Tally up every line in the records beneath that has "avec", and write down only the total.

• **Extracted material**:
=== Section Start ===
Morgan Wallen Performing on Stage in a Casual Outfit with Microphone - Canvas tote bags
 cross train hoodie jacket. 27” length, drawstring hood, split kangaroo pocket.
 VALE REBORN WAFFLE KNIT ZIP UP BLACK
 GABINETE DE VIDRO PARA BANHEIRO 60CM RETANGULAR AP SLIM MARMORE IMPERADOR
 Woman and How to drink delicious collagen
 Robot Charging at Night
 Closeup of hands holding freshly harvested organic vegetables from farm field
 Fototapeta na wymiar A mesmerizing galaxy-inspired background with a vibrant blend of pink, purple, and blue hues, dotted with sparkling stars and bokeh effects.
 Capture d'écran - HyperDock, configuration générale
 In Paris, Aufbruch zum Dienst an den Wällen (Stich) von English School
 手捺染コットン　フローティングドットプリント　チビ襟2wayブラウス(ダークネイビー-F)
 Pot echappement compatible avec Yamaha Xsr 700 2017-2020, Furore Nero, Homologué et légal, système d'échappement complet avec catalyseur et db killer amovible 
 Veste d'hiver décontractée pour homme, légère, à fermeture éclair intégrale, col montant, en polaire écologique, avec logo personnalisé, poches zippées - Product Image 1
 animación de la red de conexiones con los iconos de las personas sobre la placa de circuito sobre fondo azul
=== Section End ===
• **Final answer**:
2